For this exercise, please transcribe exactly and only the lines from the one containing "Apartamento em Teresópolis" through the end of the material, both ends included, without pictures.

::::::

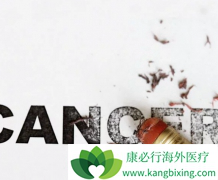 �����Ĳ�ͬ��֢������֢״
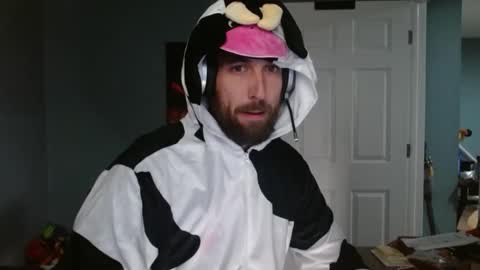 dannyboyx69 online show from 11-01-25, 10:56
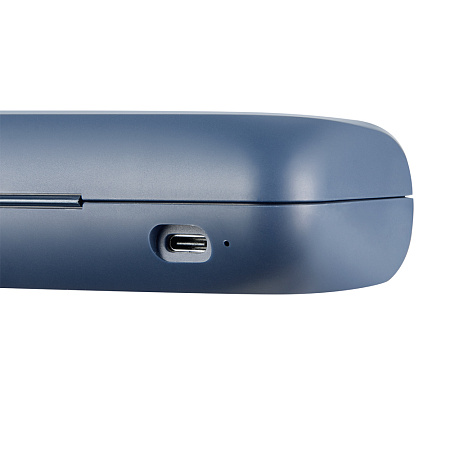 Электрическая зубная щетка РЕДМОНД TB4602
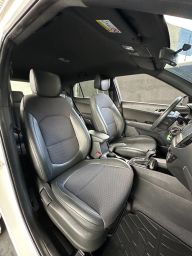 https://img.olx.com.br/thumbs256x256/99/995541523675525.jpg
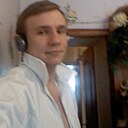 Артём, 35 лет
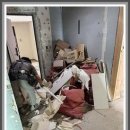 청년홈수거 이미지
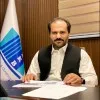 Shah Wali Kakar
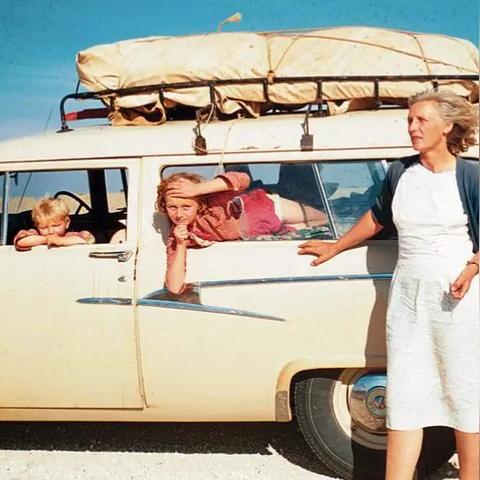 (马斯克身价暴涨)马斯克个人财富暴增，致富之路如火箭般腾飞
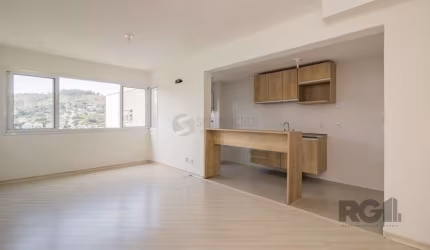 Apartamento em Teresópolis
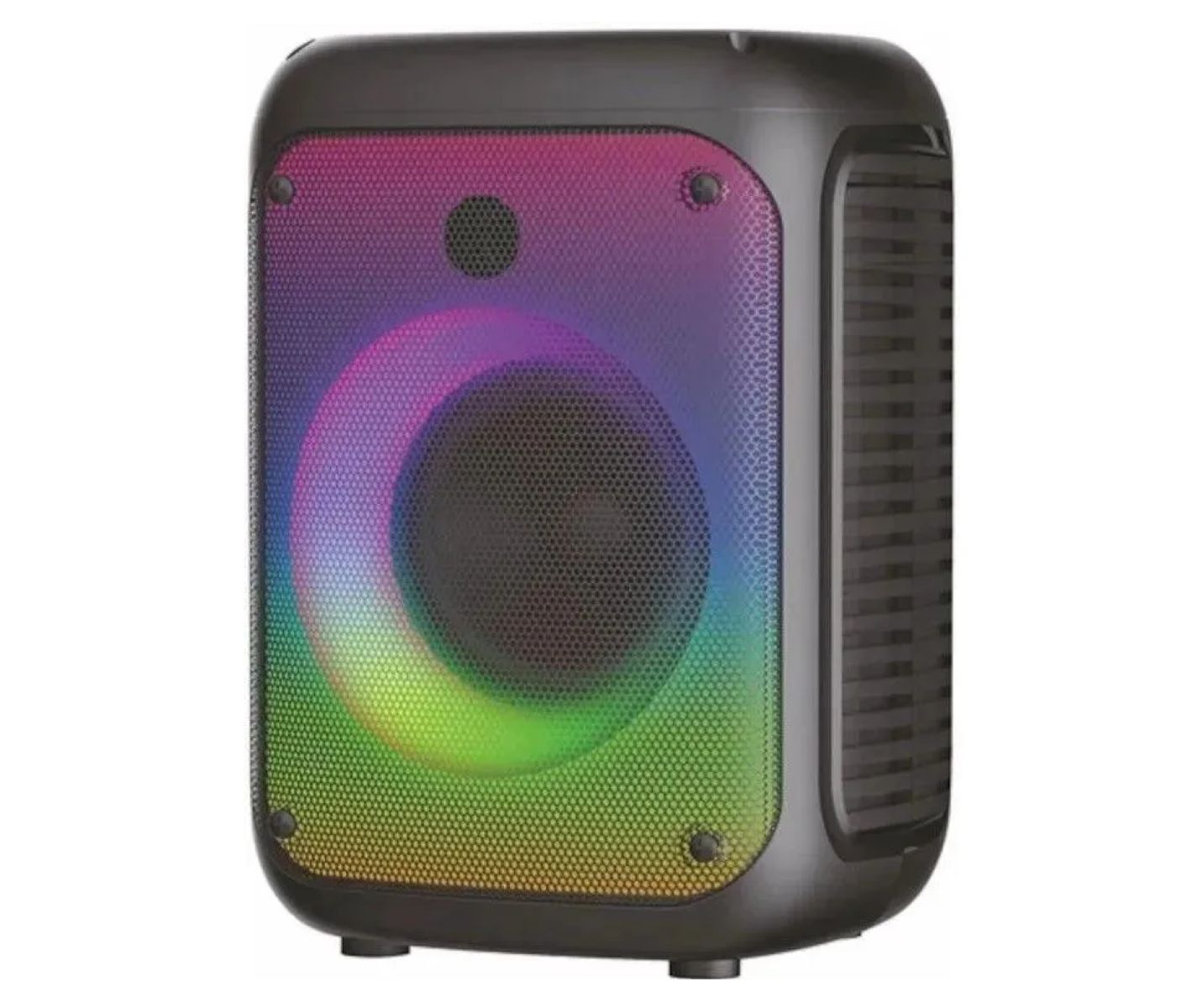 Eltronic Crazy Box 20-27. Crazy Box Eltronic 100. Eltronic 20-30 Crazy Box 100. Колонка 04" (20-44 Crazy Box 100) динамик 1шт/4" Eltronic с TWS 20-44 Crazy Box 100.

::::::

● **RESULT OF THIS TASK**:
 Apartamento em Teresópolis
 Eltronic Crazy Box 20-27. Crazy Box Eltronic 100. Eltronic 20-30 Crazy Box 100. Колонка 04" (20-44 Crazy Box 100) динамик 1шт/4" Eltronic с TWS 20-44 Crazy Box 100.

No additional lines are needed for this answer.